Would you please show us the Maxwell upholstery?
: ^ )
Looks very nice and you should enjoy it a lot. Just needs a dash of paint on the running board.
That's a seriously neat car. There's a (to me) bewildering array of two-cylinder Maxwell runabouts, some fast, some not. All seem to be dependable, easy to drive, and fun. I've never yet met an owner who didn't like his Maxwell. Have a blast with it!
Way to go Eric, have you been running around in it yet?
Got the Franklin back on the road in short order.
Going to make some new hubs this winter.
Has your son started to polish the brass yet?
Very nice car indeed, best of luck with it.
On a side note, those headlights remind me of Pamela Anderson, not sure why though.

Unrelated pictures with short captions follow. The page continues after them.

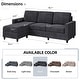 preview thumbnail 29 of 46, Futzca Modern L-shaped Convertible Sectional Sofa w/ Reversible Chaise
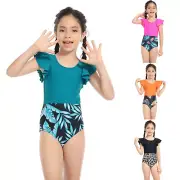 Teen Kids Girls Swimsuits OnePiece Kids Black Swimsuits Chest Pads Girl Sun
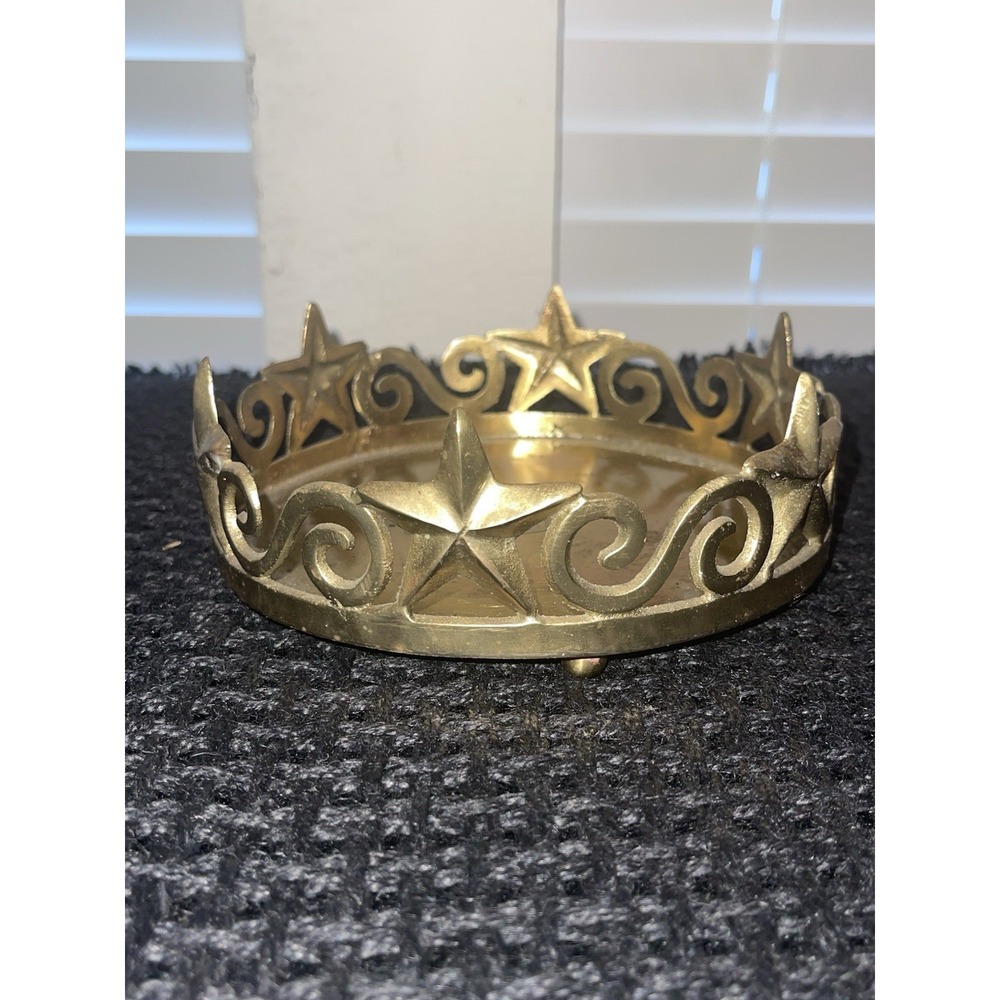 Pier 1 Imports Vintage Brass Look Footed Pillar Candle Holder Star Scroll 6.5"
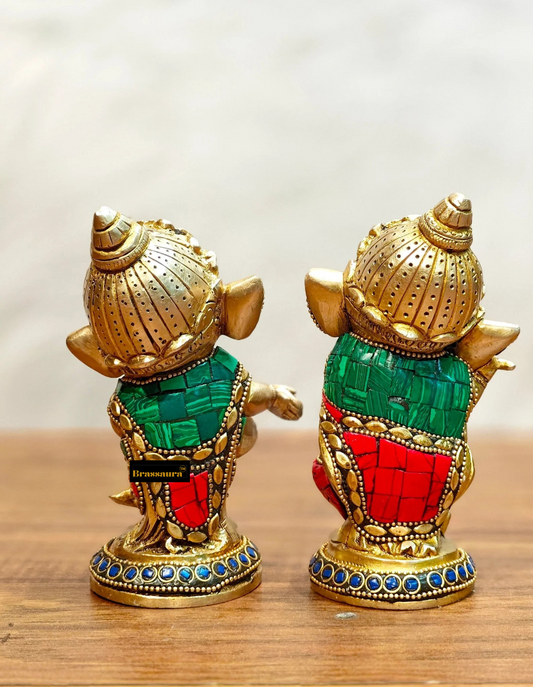 Brassaura™ Set of Baby Brass Ganesha Idols – Height 5 Inches, Total Weight 2.5 Kgs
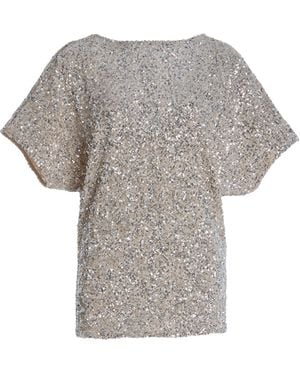 Carla Zampatti Draped Crushed-Sequin Top - Gray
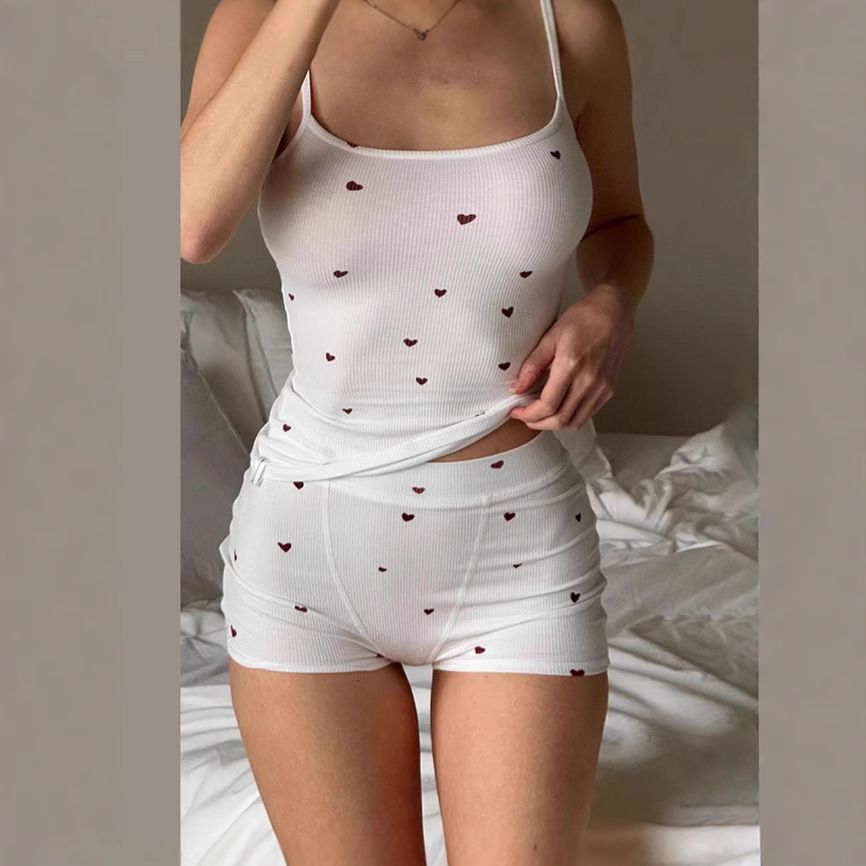 Women's Sexy Slim Fit Heart Print Camisole And Base Shorts Set Cross Border Spring Summer New Casual Clothing_ecoleips.com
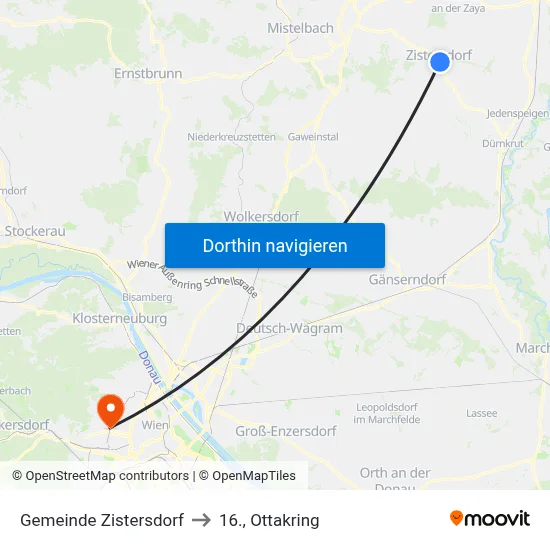 Gemeinde Zistersdorf to 16., Ottakring map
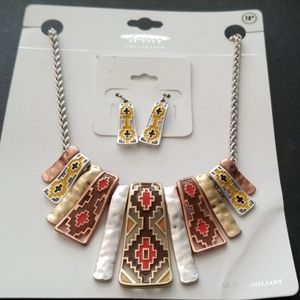 Necklace and earring set, Aztec, Native American Style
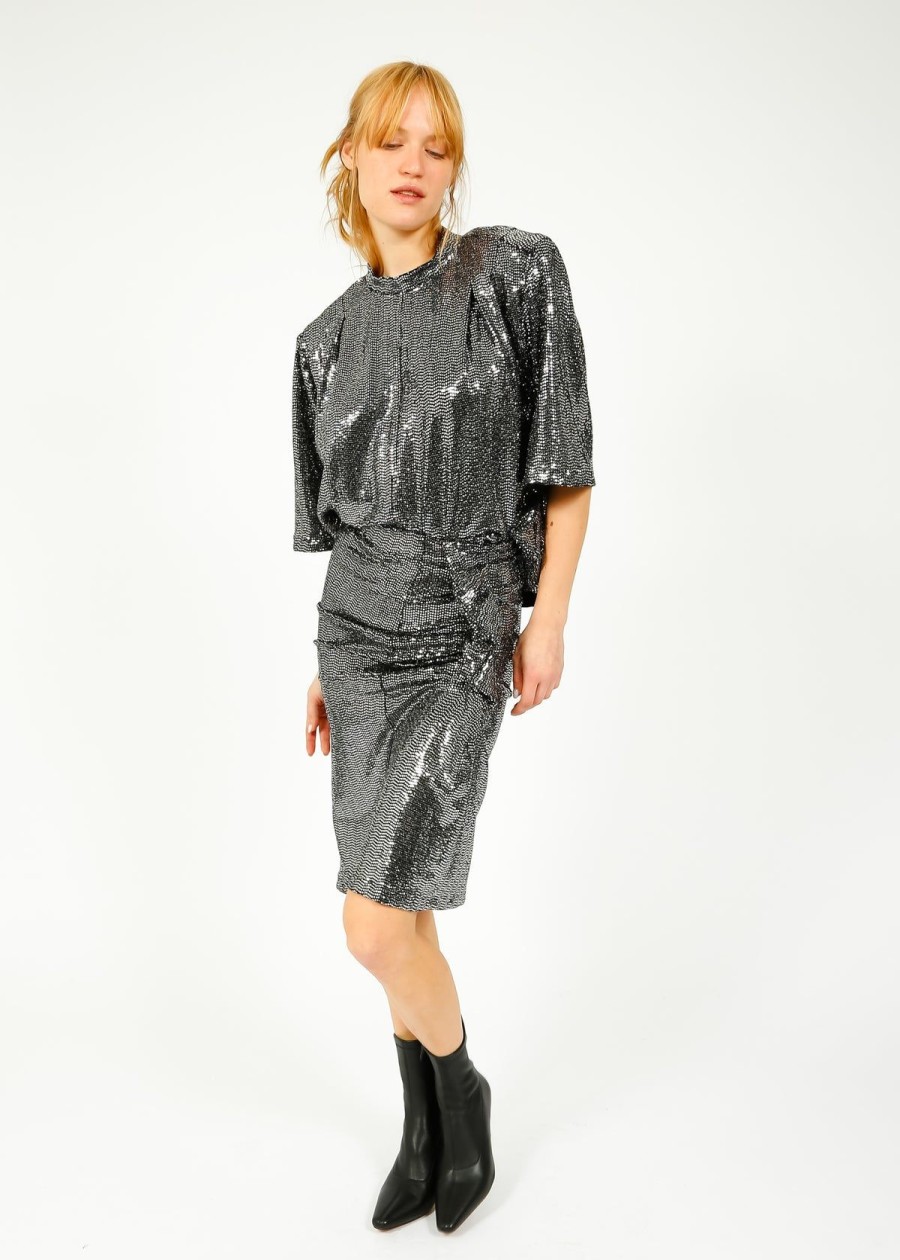 Women Marant Etoile Skirts | Im Dolene Skirt In Silver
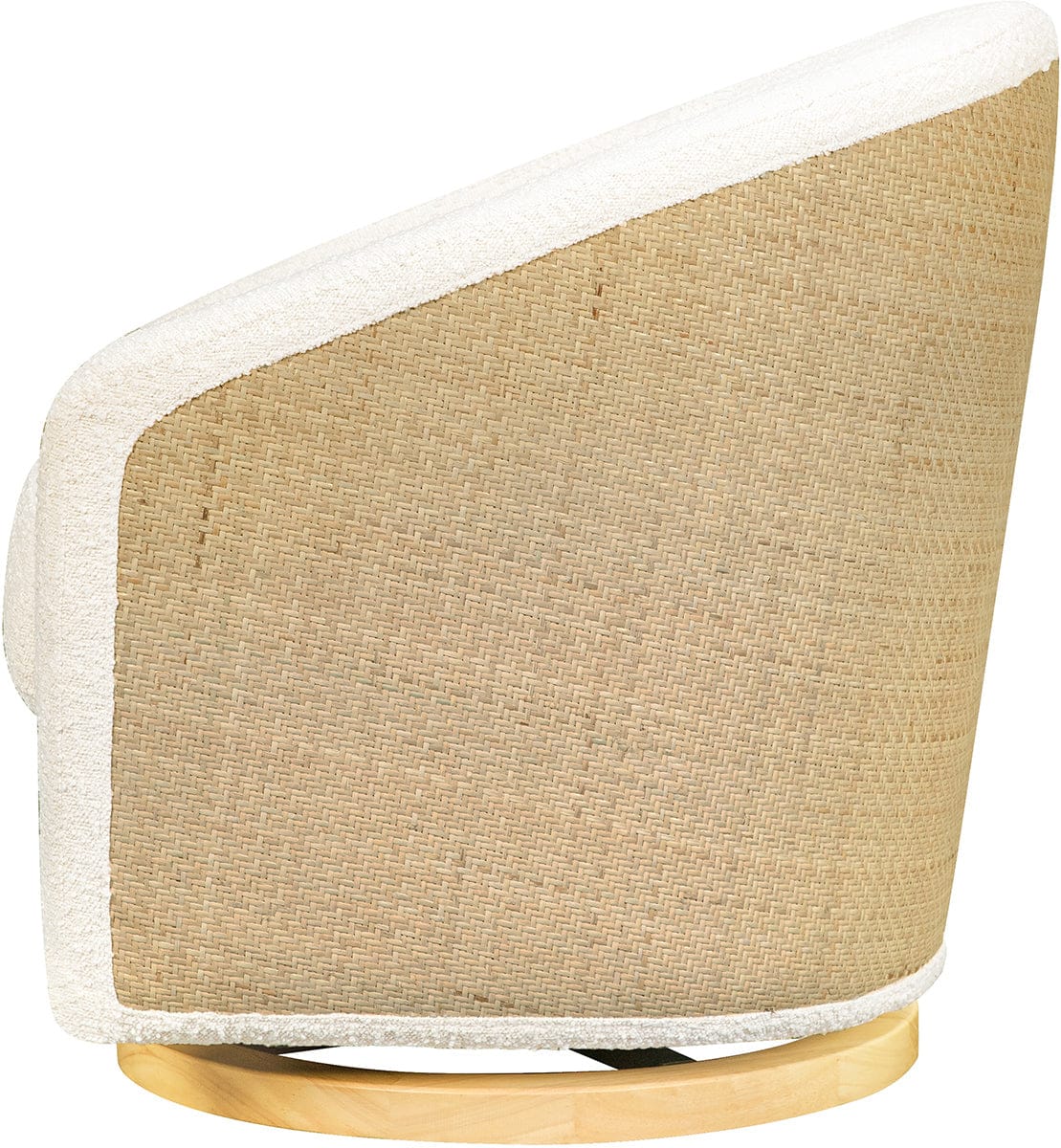 Babyletto Madison Swivel Glider - Ivory Boucle & Cane w/Light Wood Base - M5887WBCL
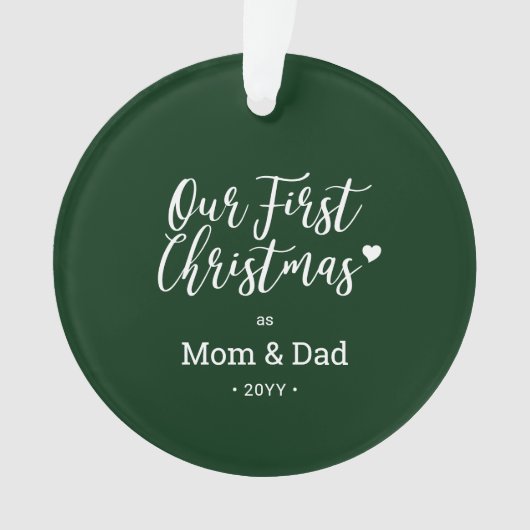 Grün & Weiß Mama Vater Erstes Weihnachtsfest Foto Ornament (Vorderseite)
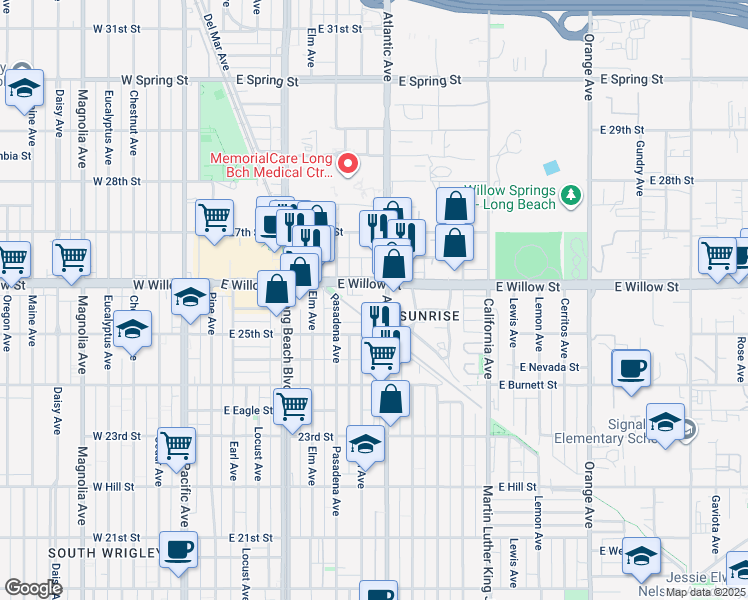map of restaurants, bars, coffee shops, grocery stores, and more near in Long Beach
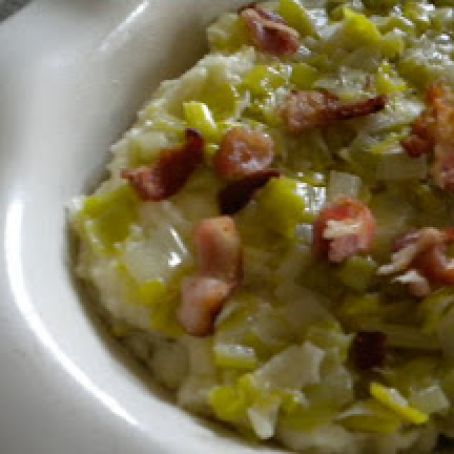 Potatoes Mashed w/ Leek Confit and Bacon
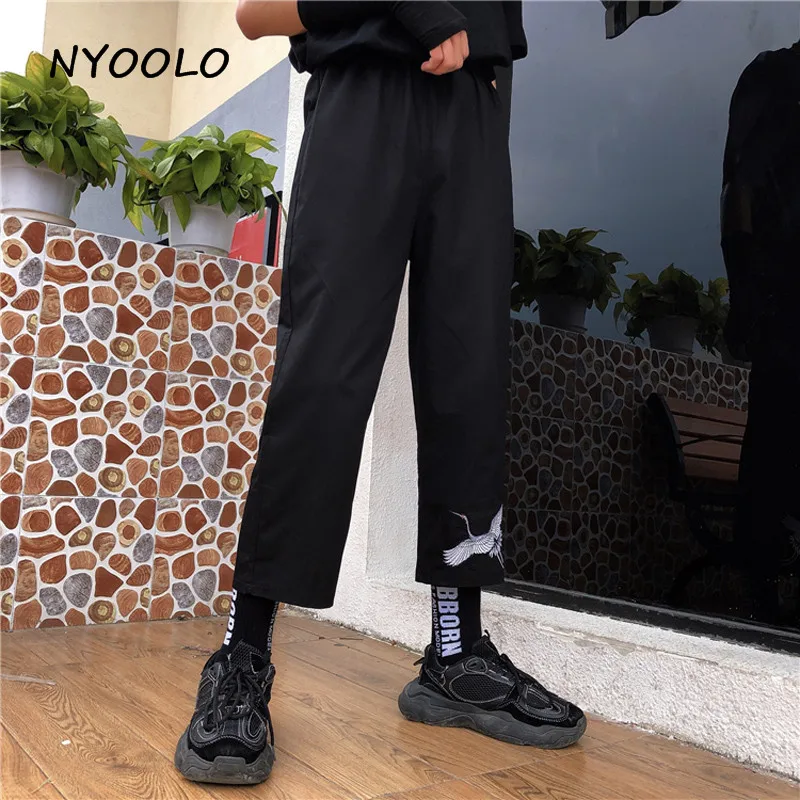 NYOOLO Harajuku дизайнерские брюки с вышивкой и высокой талией летние прямые эластичной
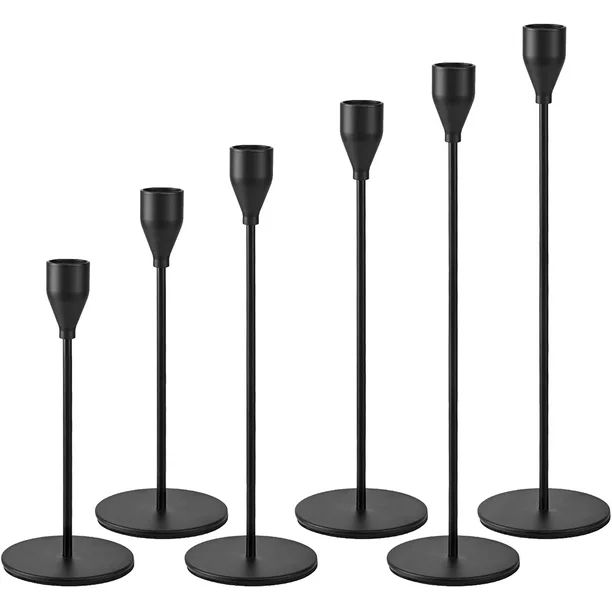 Matte Black Candle Holders Set of 6 for Taper Candles, Decorative Candle Holder Fits 3/4 inch Thi... | Walmart (US)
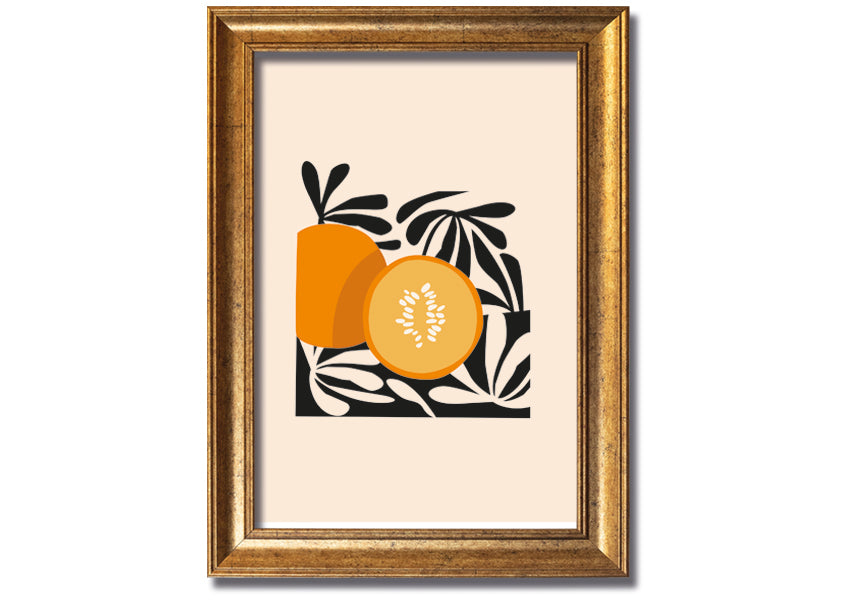 Hello Pumpkin framed print with autumn-themed design, available in various frame colors, handmade in the UK.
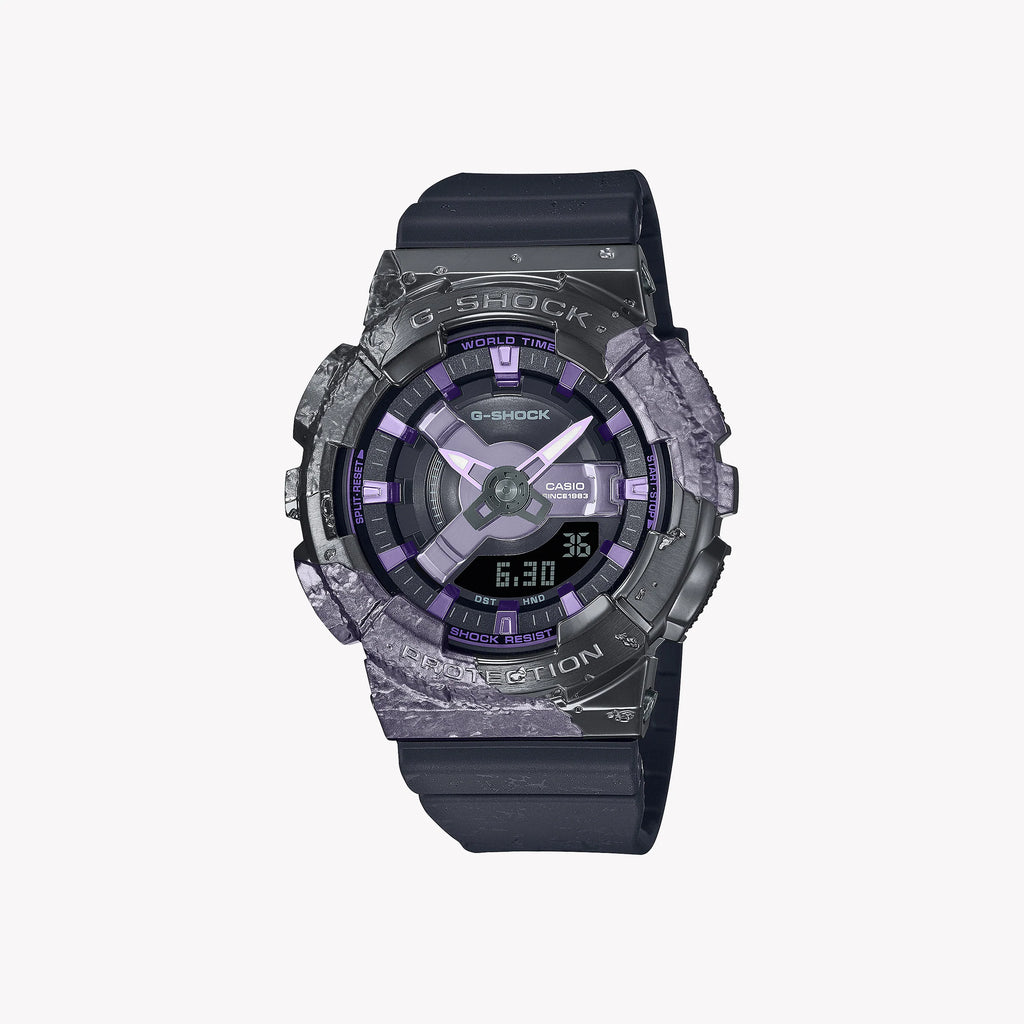 Casio G-Shock Men's Black Purple Watch, Resin Steel Gm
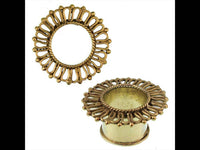 Load image into Gallery viewer, Brass Tunnel Seil Wellen Linie Blume antik gold nickelfrei Plug Organic Messing Expander Ohrschmuck - chic-net.de
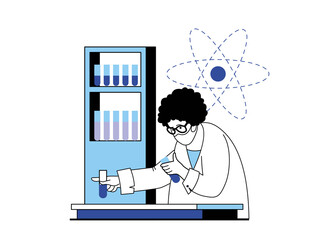Aufkleber - Medical concept with character situation. Doctor researcher makes chemical tests in laboratory, studies diseases and develops drugs in lab. Illustrations with people scene in flat design for web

Way to go Eric! Now you'll be out there on Saturday with us too. It looks like a wonderful Maxwell, and i know you'll enjoy it tremendously. It's going to a great home. Congratulations,
Dean, I just got it home this afternoon. It's had a 15 year slumber and I'm going to clean up the oil, fuel and cooling systems before I start it. Joey's going to have to leave this brass alone for now. The tarnished brass goes great with the old paint.
Rob, I don't think I'll even try to keep up with the K, but I should be able to run with the N if you don't get in too much of a hurry.
Keith, the leather on the seat was redone at some point many years ago. We are not sure how true the the original it is. I can say that it's comfortable to sit on.
The 2 cylinder Maxwells came in several different variations, rated from 10 up to I believe, 20 hp. Some had 5"x5" bore and stroke. This one is 4 1/2 x4" and 14 hp. The later ones , like the A and AA had 4x4" .
My dad restored a model AA 1910 Maxwell. They are fun cars to drive. You will enjoy owning a 2 cylinder car. In the HCCA, there are 1 & 2 cylinder car tours each year that are fun events. Is your Maxwell a 1906? I have seen several 1909 & 10 2 cylinder Maxwell's....your car is more rare.
We have a 1910 2 cylinder REO that is 4-3/4 x 6" and 20 hp. Hope to attend the New London to New Brighton car run sometime.
I would say I was Maxwell green with envy, but your Maxwell is red. Lots of them are (and many correctly I might add).
Drive carefully, and enjoy that beautiful car for many years to come! W2
Congratulations on your new car! And it has found a great home/garage. If you do not already have the HCCA Gazette(s) that cover the Maxwell, I would suggest you contact them and ask for copies. I’m 80% sure that I read an excellent article on the Maxwell within the last 10 years (ok – I’m also looking at back issues so it may have been an older issue). According to “The American Car Since 1775” pages 138-139 Maxwell was in the top 5 USA automobile makers 1906-1909 for the number of cars produced in a calendar year (yes, Ford was first all those years).
Also a favor to ask. If there is any identification on the wooden windshield please let us know what type it is. Some of the 1909-1910 Model Ts were listed as coming with a wooden Troy windshield. And if your windshield is a Troy, it may add some clues to what the wooden windshields for the Model Ts may have looked like (especially fittings etc.).
Again, great looking two cylinders!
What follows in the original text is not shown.